我认为最好的做法是找到 '@' 符号的索引,并向两个方向搜索,直到要么到达字符串的末尾,或者遇到一个空格。有人能帮我实现这个功能吗?
使用 TSQL 从字符串中提取电子邮件地址
8
- Anthony
1
1我会使用PATINDEX来查找电子邮件地址的起始位置。在网上搜索电子邮件地址的模式:您将从最简单的模式到最复杂的模式,这些模式甚至可能无法被SQL-Server识别。然后,我将使用CHARINDEX来定位下一个空格或字符串的结尾(如果CHARINDEX没有返回任何内容)。 - cha
8个回答
11
我知道wewesthemenace已经回答了这个问题,但他/她的解决方案似乎过于复杂。为什么要将电子邮件地址的左侧和右侧连接在一起呢?我宁愿找到电子邮件地址的开头和结尾,然后使用子字符串返回电子邮件地址,如下所示:
我的表格
DECLARE @Table TABLE (comment NVARCHAR(50));
INSERT INTO @Table
VALUES ('blah MyEmailAddress@domain.org'), --At the end
('blah MyEmailAddress@domain.org blah blah'), --In the middle
('MyEmailAddress@domain.org blah'), --At the beginning
('no email');
实际查询:
SELECT comment,
CASE
WHEN CHARINDEX('@',comment) = 0 THEN NULL
ELSE SUBSTRING(comment,beginningOfEmail,endOfEmail-beginningOfEmail)
END email
FROM @Table
CROSS APPLY (SELECT CHARINDEX(' ',comment + ' ',CHARINDEX('@',comment))) AS A(endOfEmail)
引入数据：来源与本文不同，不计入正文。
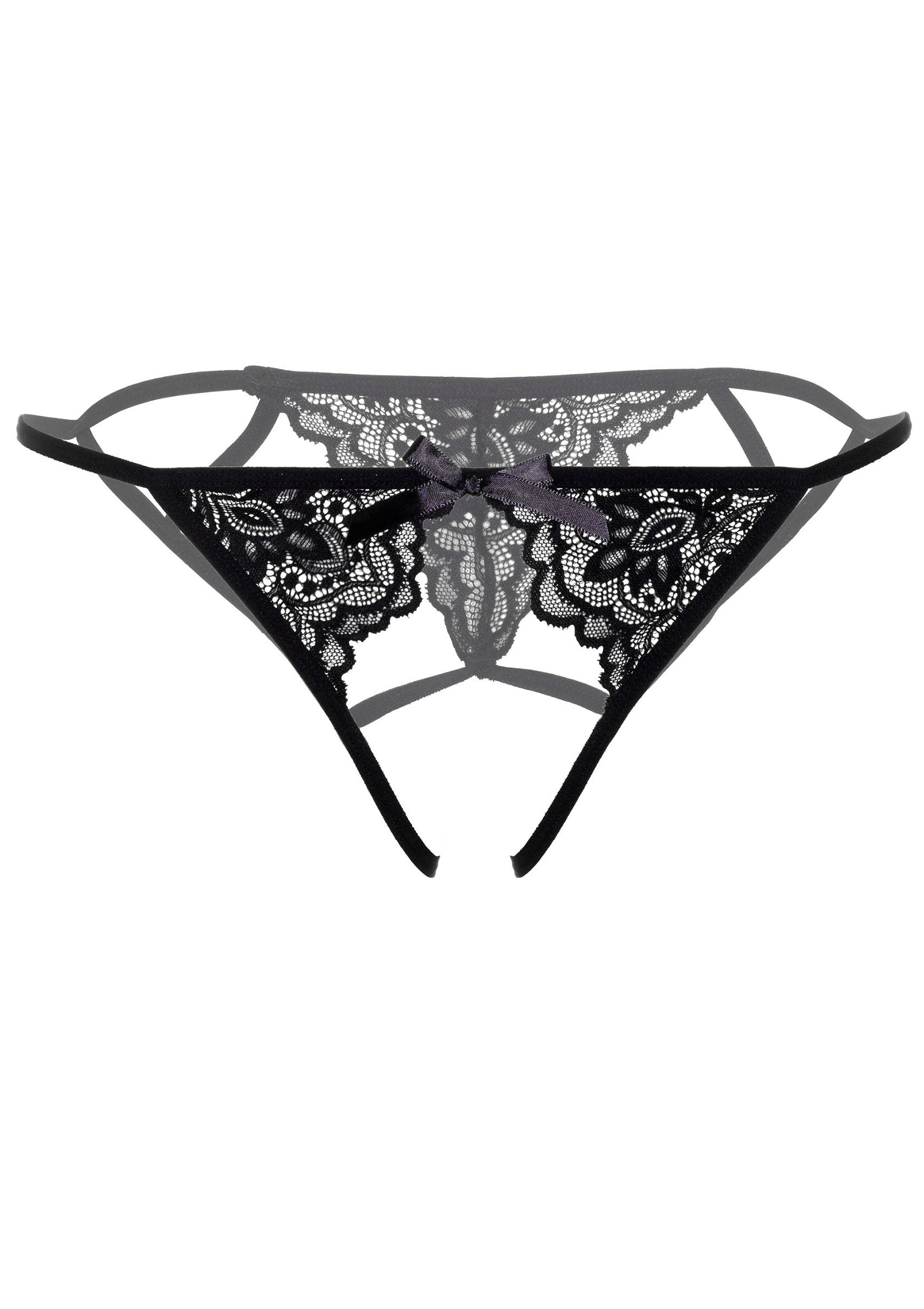 Bikini negro de tirantes finos Inez sin entrepierna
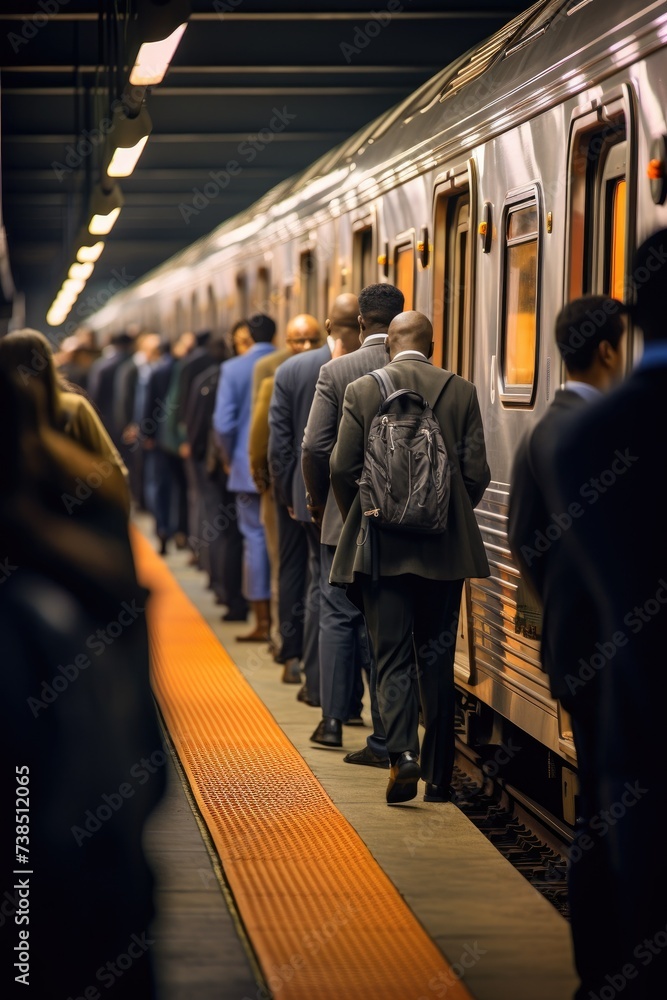 Poster a group of people standing in line to board a subway train. generative ai.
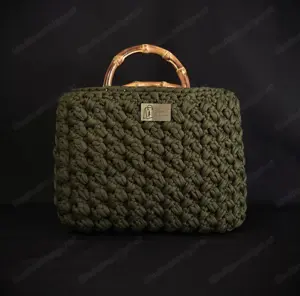 Tasche (gehäkelt) - olivgrün - 30x7x22cm - NEU Bild 4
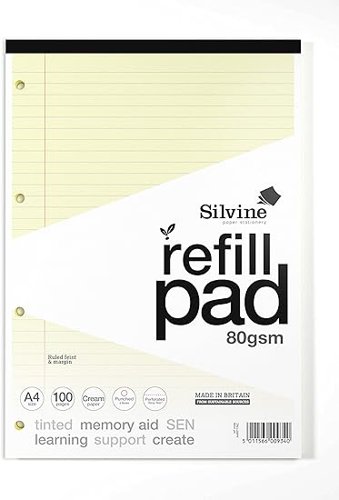 Silvine SEN Refill Pad A4 With Tinted Coloured Papers 100 Page Ruled With Margin 4 Hole Punched Cream (Pack 6) - A4RPTINC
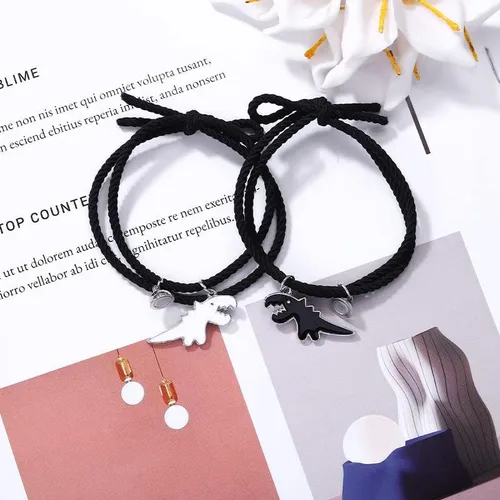 Miniatura 4 de Juego de 2 pulseras magnéticas de dinosaurio a juego con cuerda trenzada ajustable para mejor amigo, novio, novia, amante, amistad, joyería linda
CROSS APPLY (SELECT DATALENGTH(comment)/2 - CHARINDEX(' ',REVERSE(' ' + comment),CHARINDEX('@',REVERSE(' ' + comment))) + 2) AS B(beginningOfEmail)
结果:
comment email
-------------------------------------------------- --------------------------------------------------
blah MyEmailAddress@domain.org MyEmailAddress@domain.org
blah MyEmailAddress@domain.org blah blah MyEmailAddress@domain.org
MyEmailAddress@domain.org blah MyEmailAddress@domain.org
no email NULL
- Stephan
4
1当我使用它时,似乎会抛出“传递给左侧或子字符串函数的无效长度参数”异常。 - Anthony
2我的表中的数据类型是nvarchar,所以我将DATALENGTH更改为LEN,然后就可以了。谢谢。 - Anthony
1LEN()忽略末尾的空格。DATALENGTH()不会忽略空格,但它的工作方式有些不同。它列出字节。因此,对于VARCHAR(非Unicode),字节=字符串长度。对于NVARCHAR(Unicode),您需要使用DATALENGTH()除以2。 - Stephan
对我来说效果很好,比被接受的解决方案简洁得多,该解决方案在处理我的数据时还生成了错误的结果。此外,从中学到了一个知识点,即LEN函数不包括字符串末尾的空格,这是我之前不知道的! - Shaun
7
你可以在字符串中搜索
例子字符串:
'@'。然后获取'@'左侧和右侧的字符串。然后,你想要反转'@'左侧的字符串,并找到第一个出现的空格,然后从那里获取SUBSTRING。然后将其反转以获得原始形式。同样的准则适用于右侧,不需要进行REVERSE。例子字符串:
'some text someemail@domain.org some text'
LEFT= 'some text someemail'RIGHT= '@domain.org some text'- 反转左侧 = 'liameemos txet emos'
SUBSTRING到第一个空格 = 'liameemos'REVERSE(4) = someemailSUBSTRING(2) 到第一个空格 = '@domain.org'- 组合步骤 5 和 6 = 'someemail@domain.org'
;WITH CteEmail(email) AS(
SELECT 'someemail@domain.org' UNION ALL
SELECT 'some text someemail@domain.org some text' UNION ALL
SELECT 'no email'
)
,CteStrings AS(
SELECT
[Left] = LEFT(email, CHARINDEX('@', email, 0) - 1),
Reverse_Left = REVERSE(LEFT(email, CHARINDEX('@', email, 0) - 1)),
[Right] = RIGHT(email, CHARINDEX('@', email, 0) + 1)
FROM CteEmail
WHERE email LIKE '%@%'
)
SELECT *,
REVERSE(
SUBSTRING(Reverse_Left, 0,
CASE
WHEN CHARINDEX(' ', Reverse_Left, 0) = 0 THEN LEN(Reverse_Left) + 1
ELSE CHARINDEX(' ', Reverse_Left, 0)
END
)
)
+
SUBSTRING([Right], 0,
CASE
WHEN CHARINDEX(' ', [Right], 0) = 0 THEN LEN([Right]) + 1
ELSE CHARINDEX(' ', [Right], 0)
END
)
FROM CteStrings
样本数据:
email
----------------------------------------
someemail@domain.org
some text someemail@domain.org some text
no email
结果
---------------------
someemail@domain.org
someemail@domain.org
- Felix Pamittan
2
请务必阅读有关
SUBSTRING、LEFT 和 RIGHT 函数的内容。 - Felix Pamittan1右侧列存在问题。应该包括LEN。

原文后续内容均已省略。